Melodically there's nothing desperately catchy on Pitch Bkack's superb third album Ape To Angel (2003) and it's not the most accessible ambient/tech dub around. But that doesn't diminish its greatness. These tracks make you work and pay attention before surrendering their charms - and the rewards are well worth it.

artist:
Pitch Black

country of origin:
New Zealand

style(s):
Ambient dub, breakbeat, ethno ambient, techno

decades active:
90's - 10's

essential releases:

  • Ape To Angel (2003, Kog Records/Waveform)
  • Rude Mechanicals (2007, Dubmission)
  • Filtered Senses (2016, Dubmission)

Reviewed by Mike G

In the new century it seems dub can be almost any instrumental bass-heavy electronica. A 2003 media release for New Zealand duo Pitch Black (Michael Hodgson and Paddy Free) called their music "cross-genre dub beats and mind-expanding sounds", a description which is right on the money.

Melodically there's nothing desperately catchy on their superb third album Ape To Angel (2003) and but that doesn't diminish its greatness. These tracks make you work and pay attention before surrendering their charms - and the rewards are well worth it. "Flex" and the exquisite title track recall the spacey lushness and techno precision of classic Global Communication and Artificial Intelligence releases from the 90's. Relaxed, techy pads and melodic pulses unfold and bounce around the speakers, spiralling off into slowly decaying echoes. It's the dubby bass element, however, that gives the band's sound its distinctively warm aura. Pitch Black’s bedrock is rarely 4/4 beats but more complex grooves and rhythms, pinned down with big, tuneful basslines. The techno element is more in the textures: the sparingly-used snarls and bleeps and floating ambient clouds.
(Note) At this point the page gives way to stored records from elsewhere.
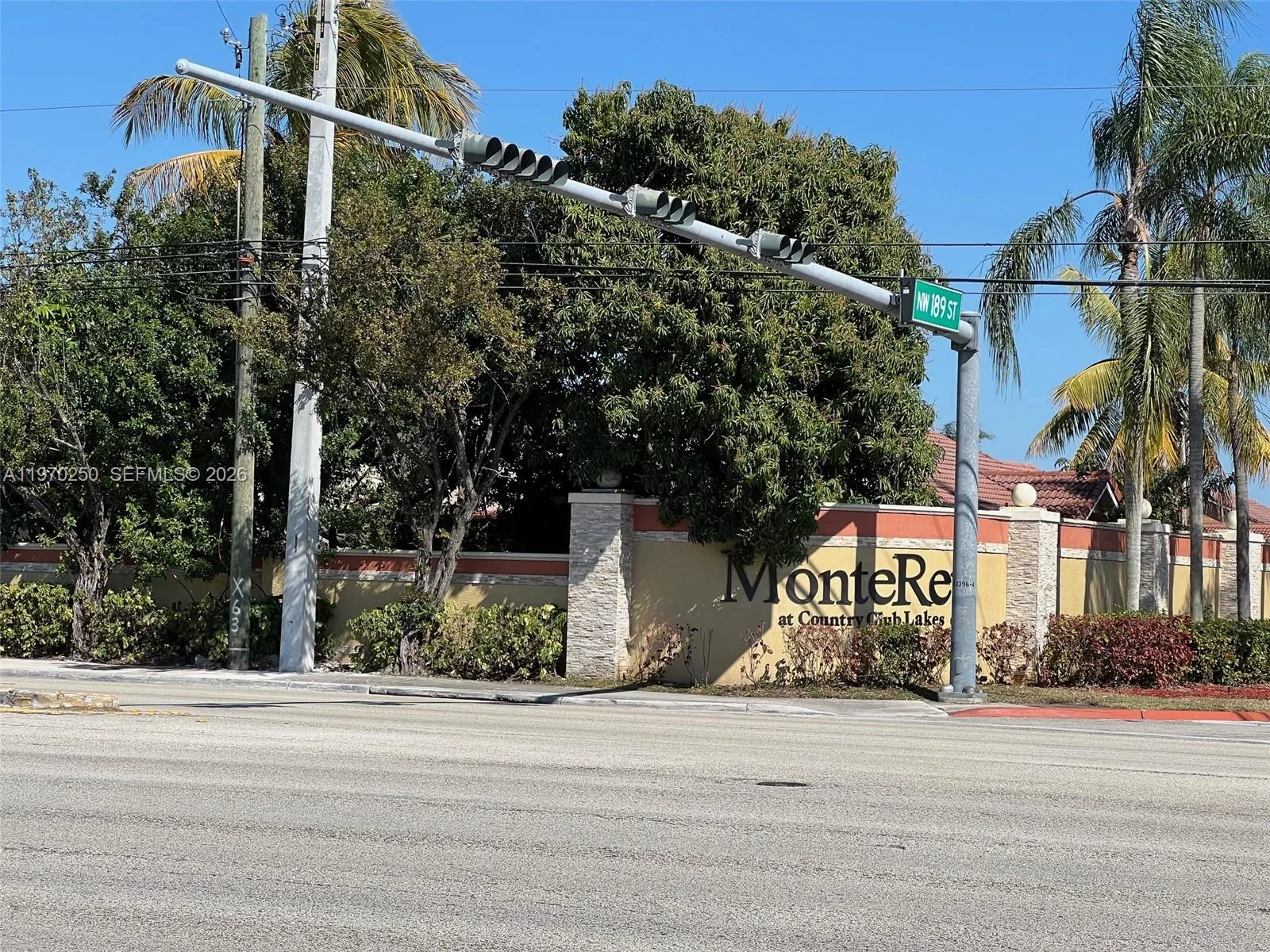 5214 NW 190th St, Miami Gardens FL 33055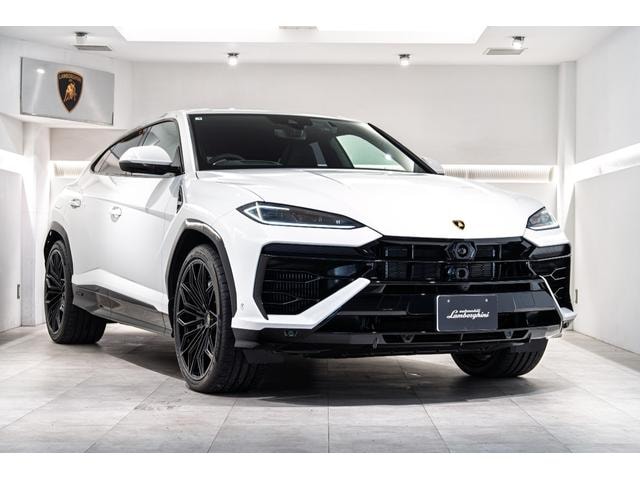Lamborghini URUS 2025 — фото автомобиля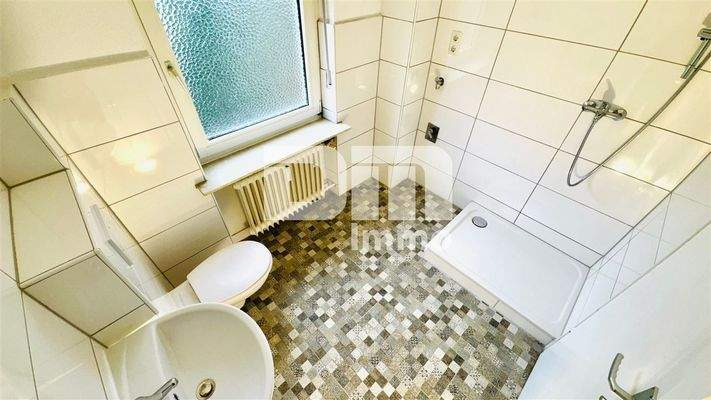 EG Badezimmer 2 / Dusche 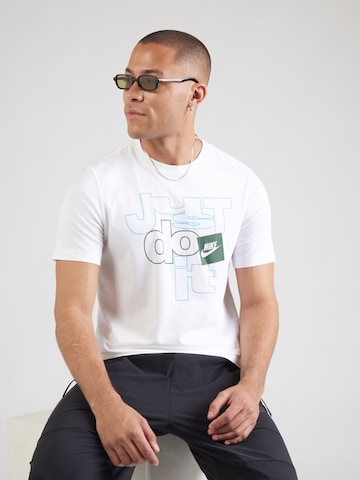 Nike Sportswear Póló - fehér: elől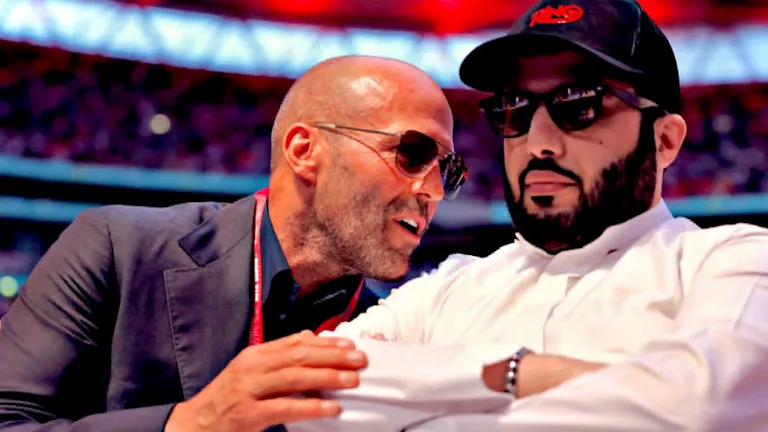 صورة تلقائية تجمع بين المستشار تركي آل الشيخ و النجم Jason Statham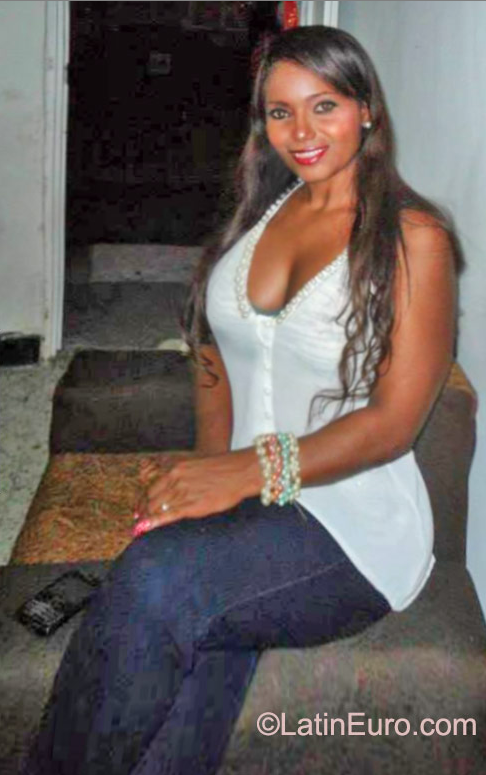 Date this beautiful Colombia girl Nidia patricia from cali-valle CO18400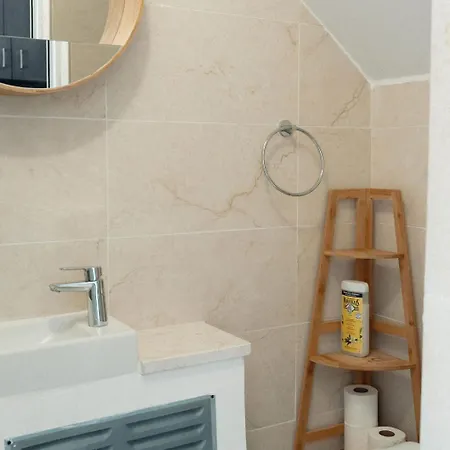 King's Park - Unit 1 Stylish 1br Near Apartamento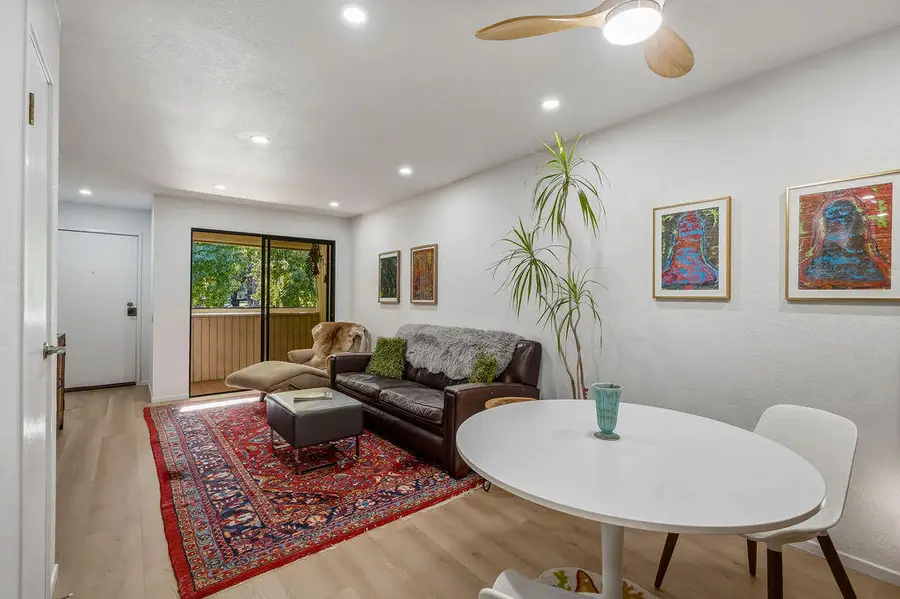 675 N Los Felices Circle W #215, Palm Springs, CA 92262 - #3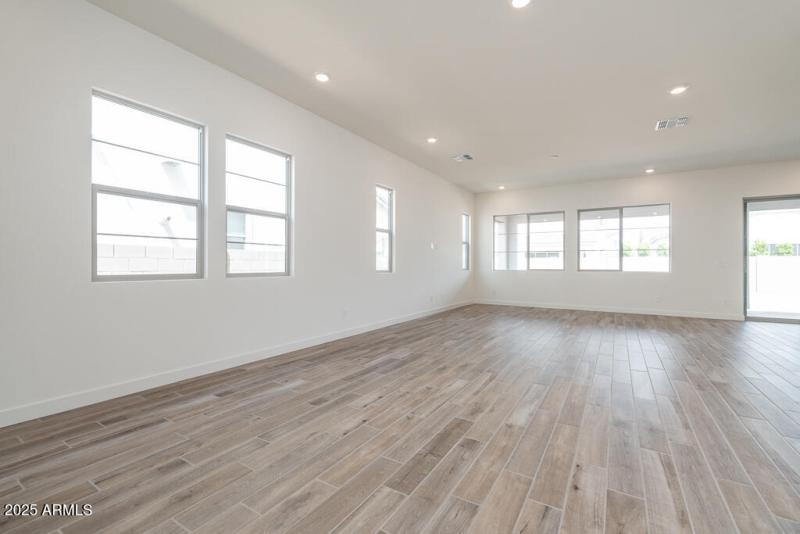 Tri Pointe Waterston Central 282 - Great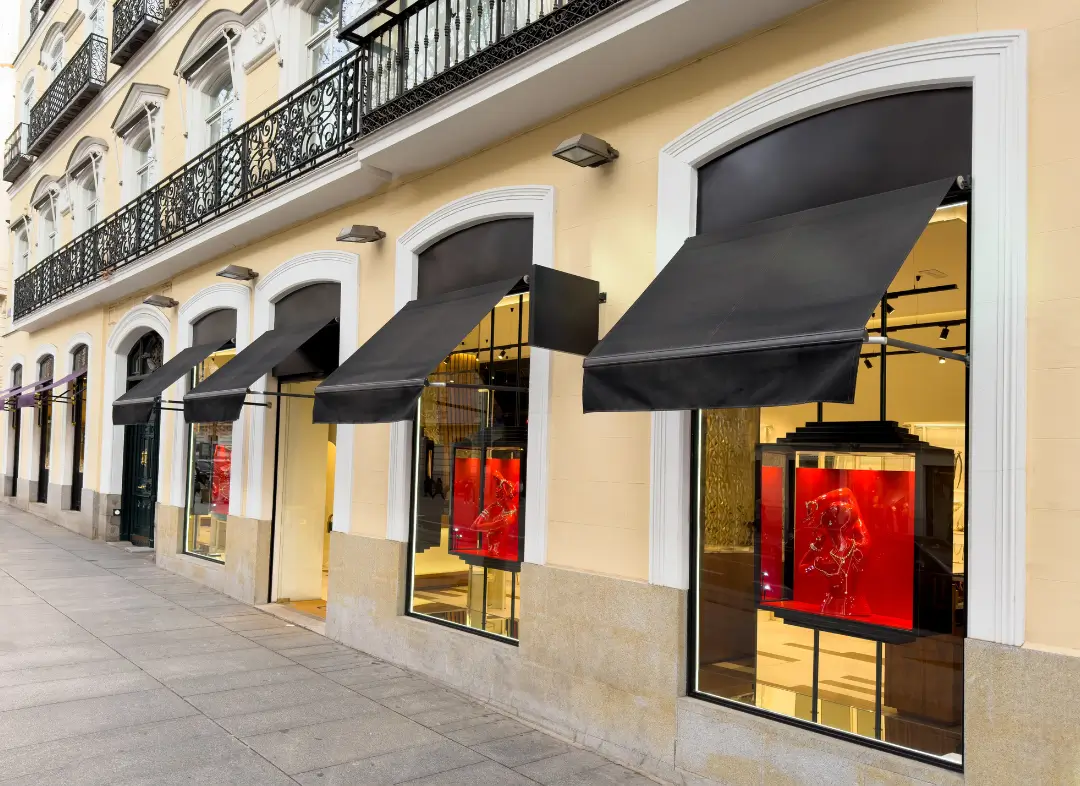 Façade vitrine de magasin en aluminium sur mesure à Souleuvre en Bocage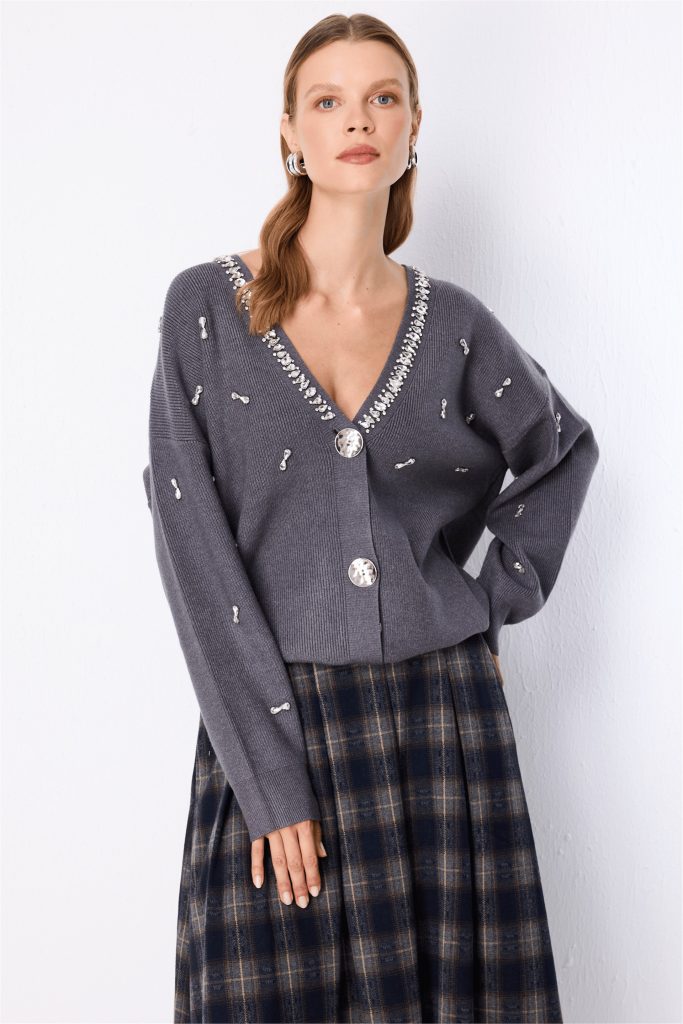 ON TRİKO Taş İşlemeli V Yaka Triko Kazak 10902 - GRİ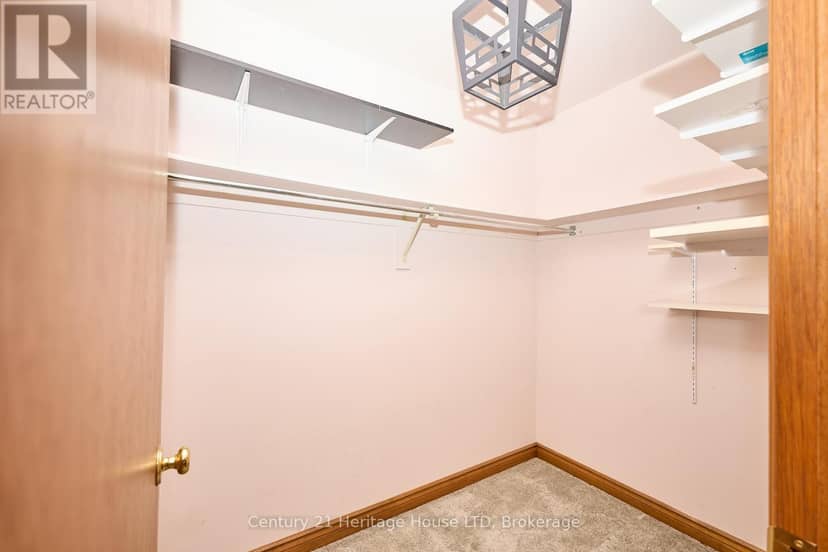 20 - 2720 Mewburn Road — photo 17 of 35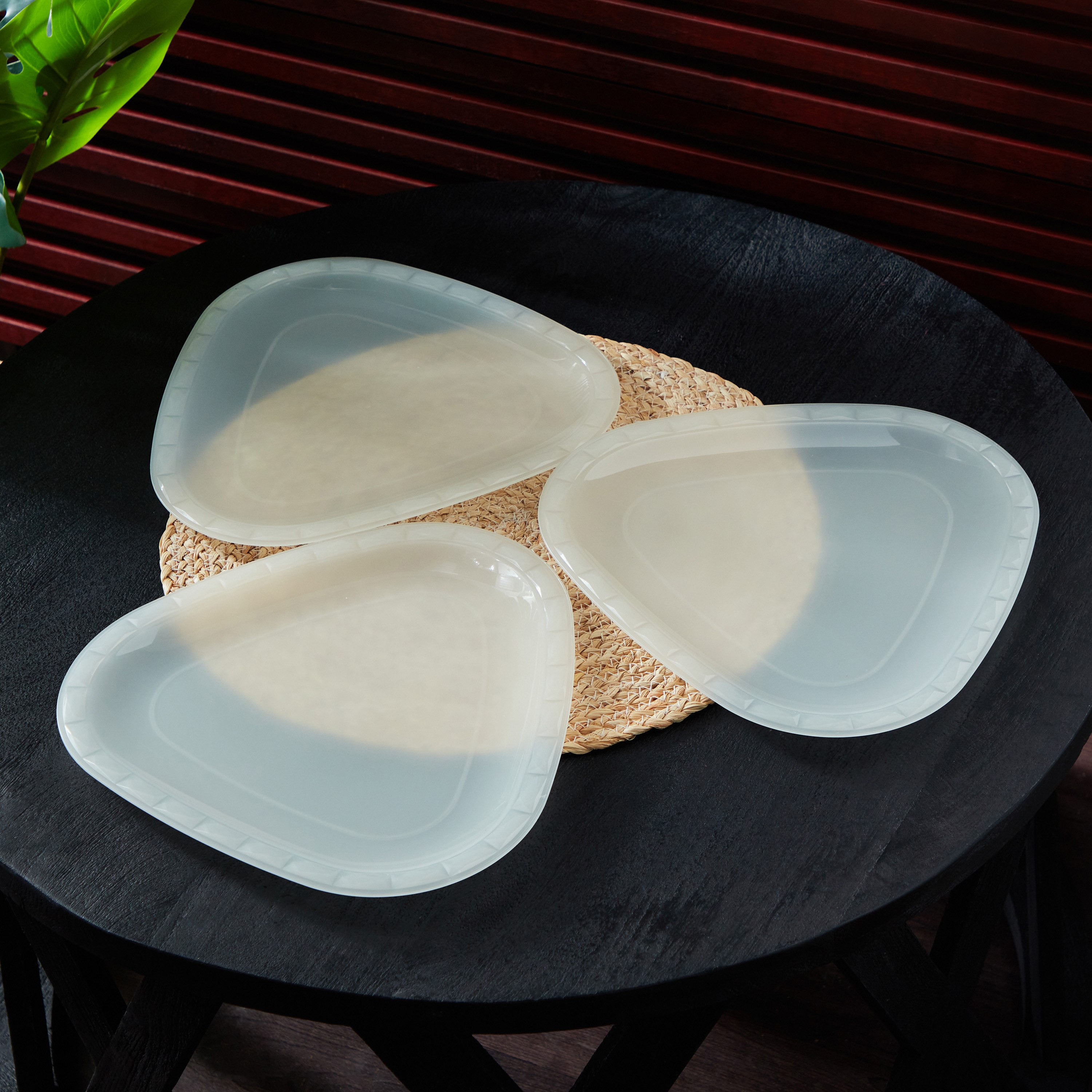 Gleam Dinner Plate - Set of 3-hbxdecorandfurnishings-tabletop-crockery-image-3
There's plenty of variety on Ape To Angel, too. "Lost In The Translation" is driven by a catchy Arabian drum groove but cleverly disguises it with a reggae pulse and a distorted tribal vocal. "Big Trouble Upstairs" is a progressive breakbeat stormer, building slowly to a dancefloor intensity by adding layers and repeating themes. The quietest track here is the gently grooving "Empty Spaces Missing Units" - imagine 21st century lounge music for planetary fly-bys.

The band's fourth album Rude Mechanicals (2007) is cut from the same stylistic cloth as its predecessor and is similarly superb. A higher melody count and a little less abrasion makes it perhaps even a better introduction to the band's music than the previous release. Filtered Senses (2016) is also gold class, the first collection of new original tunes in nearly a decade. On the dub-tech axis, the band's music still sits closest to the dub end. This makes it quite distinct from the current generation of dub-techno acts - which has been a growing hybrid in the 2010's - where the dominant voice seems to be techno, even though everyone is using dub’s signature delay and echo effects. Three tracks on the album also feature a female vocal, smartly woven into the music as texture rather than song so that lyrics are never commanding centre stage. Filtered Senses finds Pitch Black at the top of their game with another deft mixture of force and understatement, sounding like no one but themselves.